Há três anos, alertei que o Brasil estava entrando na "Era do Foda-se", no que fui amplamente repreendido por quem atestava que as instituições estavam funcionando normalmente. Apesar do Congresso e do Supremo Tribunal Federal conseguirem, aqui e ali, aplicar freios e contrapesos constitucionais a comportamentos lunáticos e violentos do governo, o Executivo tem muito poder no Brasil. Ainda mais quando conclama seguidores contra as instituições. O que tem se traduzido até em ameaças de atentados contra ministros do STF.

E o que é a "Era do Foda-se"? Sabe aquele esforço para se preocupar com as consequências das próprias ações e palavras e, no mínimo, manter as aparências? No contexto em que estamos, ele se aposenta ou tira férias, mandando avisar que só dá as caras quando a democracia plena voltar. Até lá, cada autoridade ou membro da elite deste país pode falar ou fazer o que quiser, sem medo da repercussão negativa junto à população. Até porque, convenhamos, foda-se.

Alguns dizem que isso gera uma transparência sem igual na sociedade que nos levará a um patamar superior da existência no futuro e o melhor é tudo acontecer à luz do dia ao invés de se passar nos porões. Há uma falsa dualidade nessa história, como se fossem possíveis apenas duas opções: pessoas que fazem coisas erradas e são sinceras e pessoas que fazem coisas erradas e mentem. Há a alternativa de fazer a coisa certa e ser sincero, mas - pelo visto - essa está no campo da ficção.

Na "Era do Foda-se", policiais milicianos agem para provocar o caos na segurança pública do Ceará, à luz do dia, aterrorizando a população e roubando e danificando propriedade pública, aproveitando-se da sensação de Casa da Mãe Joana dada por um governo federal que não pune agentes de segurança que agem como milicianos. Pelo contrário, os defende mesmo depois de mortos. E um senador da República avança com uma retroescavadeira sobre o portão de um quartel repleto de policiais grevistas amotinados e suas famílias (o que é um absurdo) para, depois, ser covardemente baleado (o que é um atentado à vida de um representante eleito pelo voto e paradigmático da falência do Estado). Surreal demais tudo isso? Foda-se.

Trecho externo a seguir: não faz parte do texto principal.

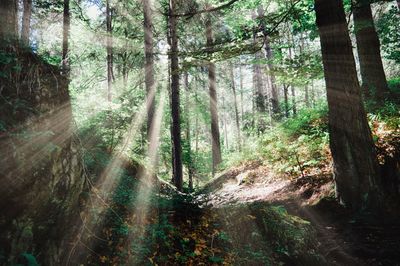 Sunlight streaming through trees in forest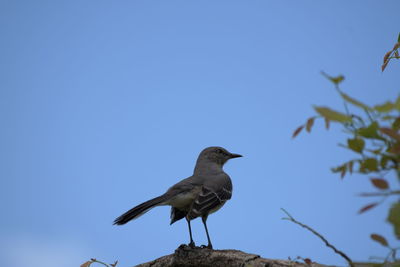 Low angle view of bird perching on tree against clear blue sky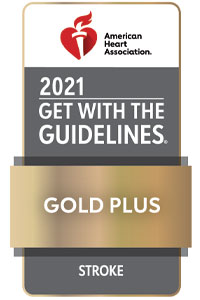 gwtg-stroke-plus-2021-gold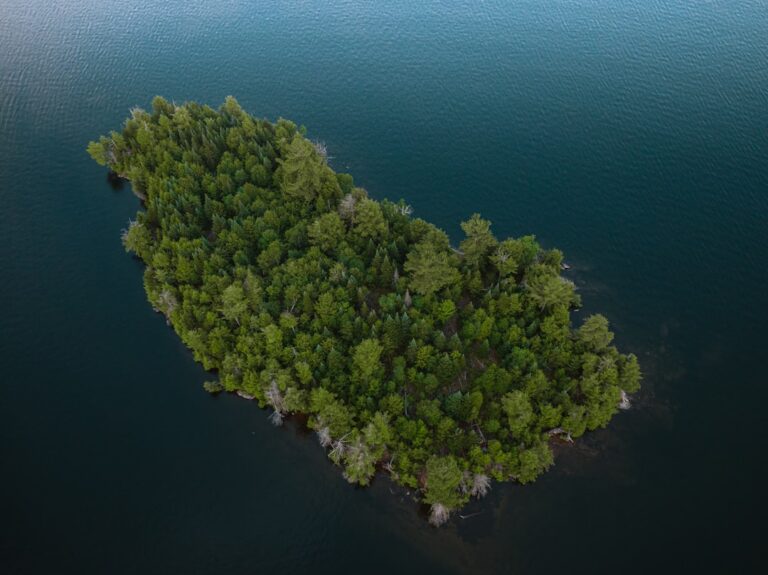 Urbino (Marken): Renaissance und Natur – ist die Region um Urbino ein guter Geheimtipp für Käufer?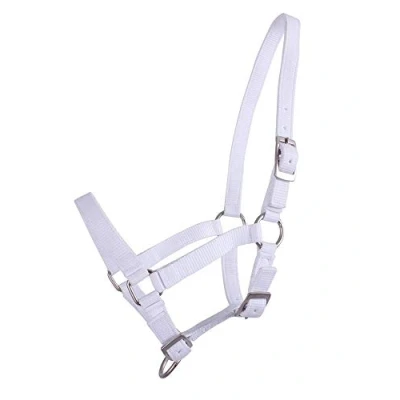 Image of QHP Halter Foal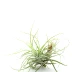 Tillandsia Oaxacana S en bouton est une plante exotique au feuillage blanc argenté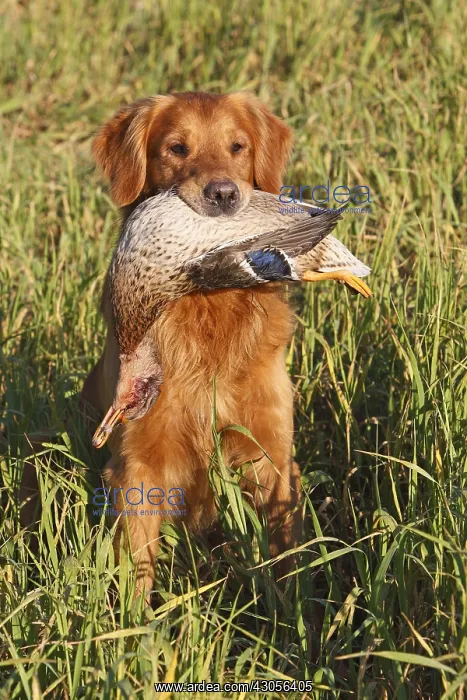 : Golden Retriever binging back a Mallard GB : Golden Retriever binging back a Mallard GB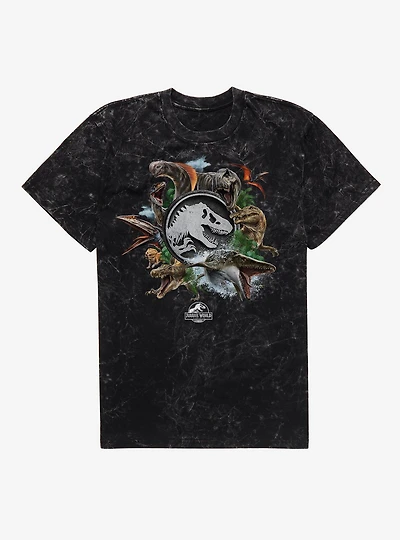 Jurassick World Rebirth Dinosaurs Mineral Wash T-Shirt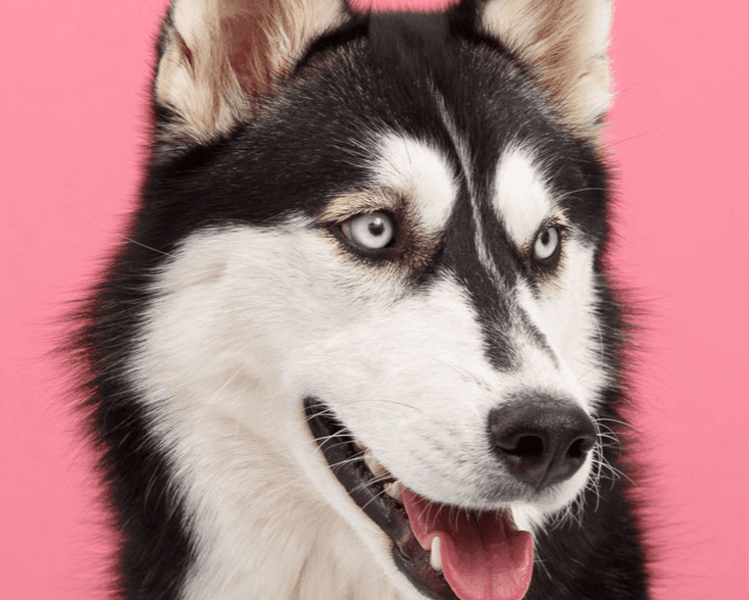 GROOMING RAZA GRANDE COMBO FIESTAS DEL 20 DE ENERO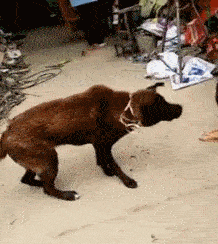 你是我的小呀小苹果,怎么爱你都不嫌多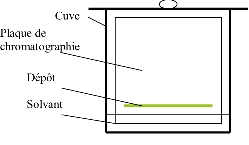 Image: TPBIOL2003_TOCmod-25.jpg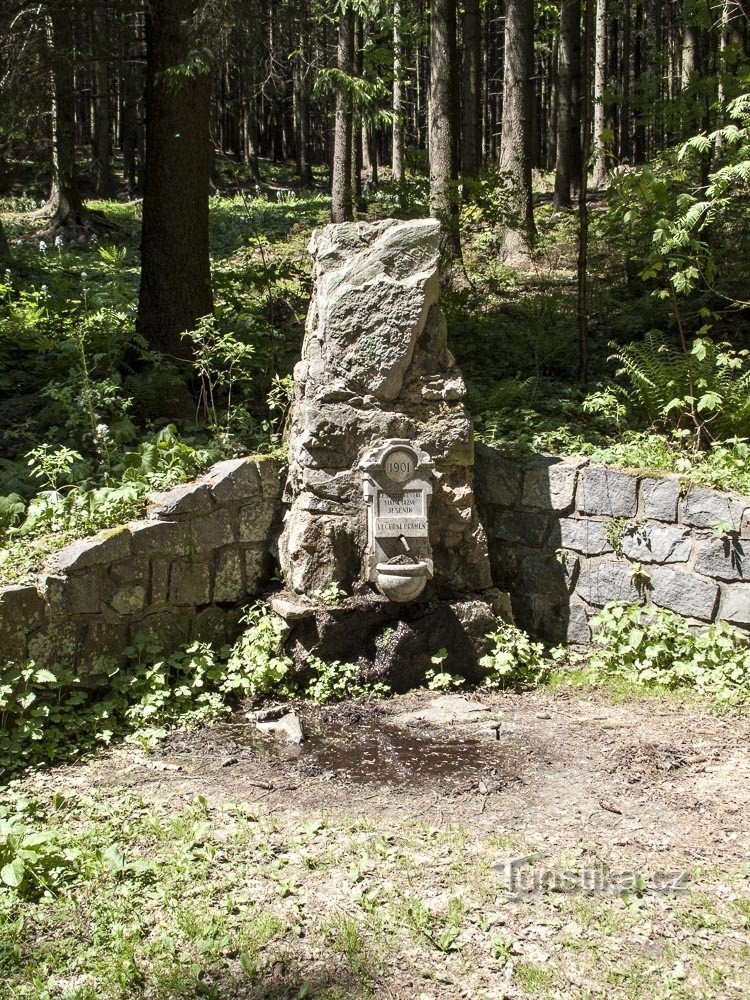 Fontaine du soir avec plaque et réservoir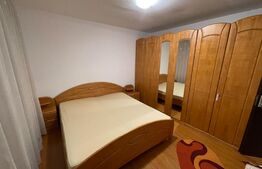 Apartament 2 camere+curte, centrala termica, Brazda lui Novac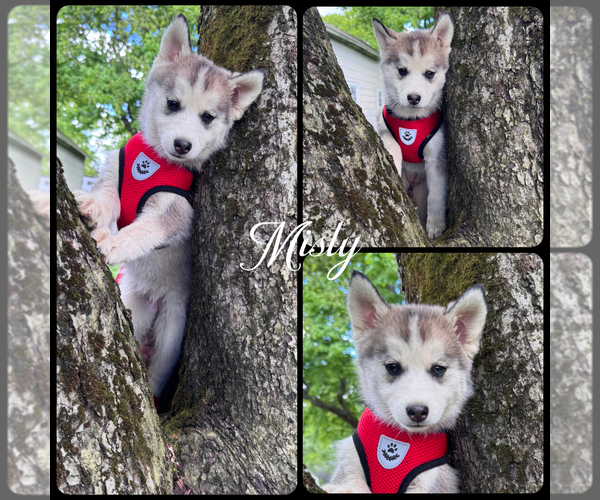 Medium Photo #13 Pomsky Puppy For Sale in VENUS, PA, USA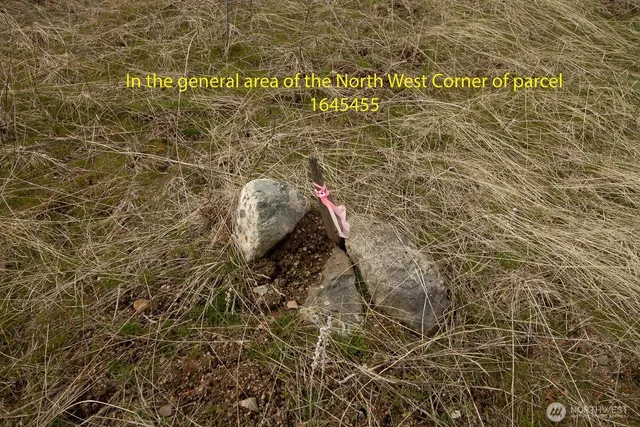 a view of swimming pool and mountain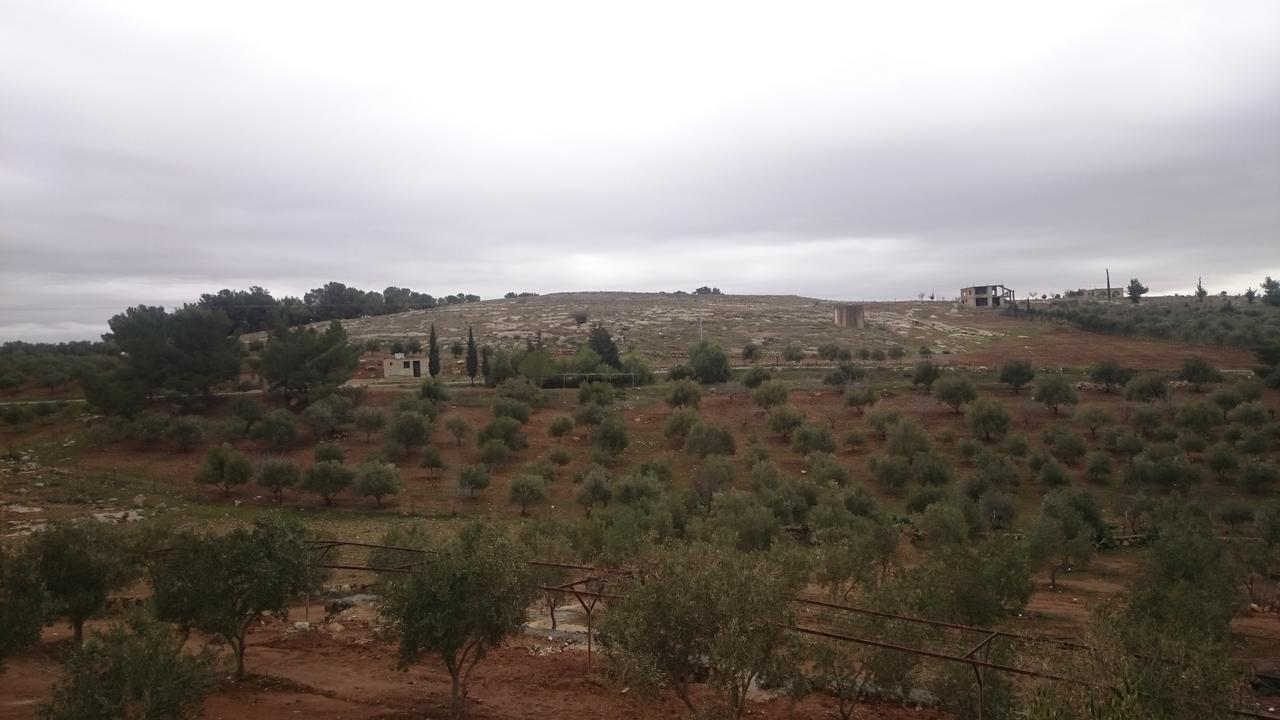 Vila Town Of Mount Nebo Madaba Exteriér fotografie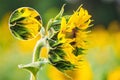 Sunflower flower affected by aphids.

O mesmo "foda-se" que acreditamos ouvir quando vemos policiais militares, em São Paulo, espancando dois alunos dentro de uma escola pública, pouco se importando que estão sendo gravados por câmeras de celulares, como aconteceu nesta terça (18).

A Era do Foda-se tem suas consequências, claro. Vendo autoridades darem de ombros para a razão, a população vai deixando de acreditar naquilo que nos mantém unidos como país. E passam a descumprir leis, regras e normas porque percebem que não valem muita coisa mesmo.

Se o presidente da República ataca sistematicamente jornalistas, principalmente as mulheres, por que seus seguidores não podem atacar também?

E, iniciado, o processo de derretimento das instituições e do respeito da população a elas não pode ser freado do dia para a noite. Como já disse aqui, a solução demanda nova pactuação política e social, aliada a muito suor em articulações para a construção de consensos - exatamente aquilo que um governo autoritário tem ojeriza. Porque um governo autoritário precisa do enfrentamento que cria inimigos reais e imaginários para sobreviver.

Naquele momento, quando falei pela primeira vez da Era do Foda-se, ponderei que a reação em cadeia em curso inevitavelmente nos levaria para o buraco, como a eleição, por vias democráticas, de uma figura antidemocrática em 2018 através do voto de uma parte de uma população cansada do clima de "vale tudo" e de "ninguém é de ninguém". Passada essa fase, que, de fato, aconteceu, a questão é se essa reação vai enterrar a própria democracia.

Com isso, o Brasil vai se tornando um palco de batalhas no qual o que importa é quem grita, xinga, ataca, espanca, mata mais. O respeito aos direitos sociais e ao desenvolvimento econômico, objetivos da República, presentes no artigo 3º de nossa Constituição? Foda-se.